REQUIRED ACTION: The required output is the line with "速发硅藻厨泥防地垫防滑防油吸水垫门口耐脏脚垫房水家用免洗可擦" plus all lines that follow it to the end of the listing below, written out exactly, with no pictures.

SUPPLIED INFORMATION:
______
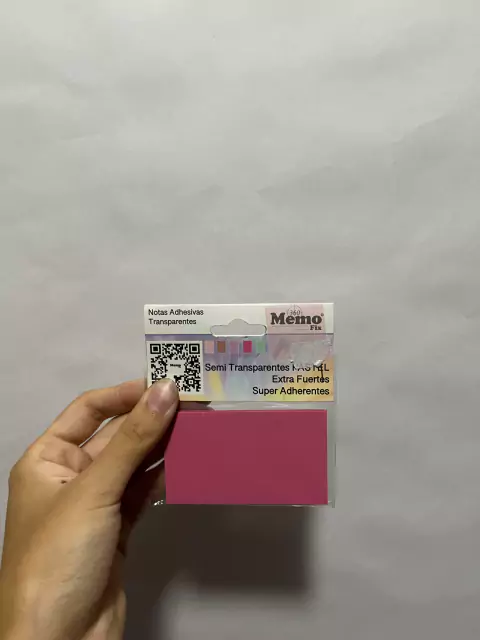 Notas Adhesivas Transparentes (Fucsia Pastel) - Memo Fix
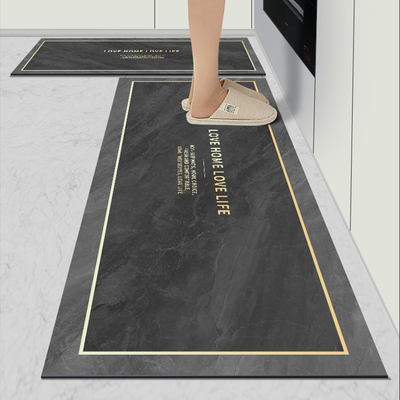 速发硅藻厨泥防地垫防滑防油吸水垫门口耐脏脚垫房水家用免洗可擦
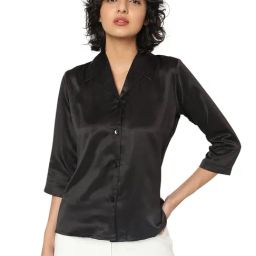 Smarty Pants Black Regular Fit Shirt-image-2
______
ANSWER BOX:
 速发硅藻厨泥防地垫防滑防油吸水垫门口耐脏脚垫房水家用免洗可擦
 Smarty Pants Black Regular Fit Shirt-image-2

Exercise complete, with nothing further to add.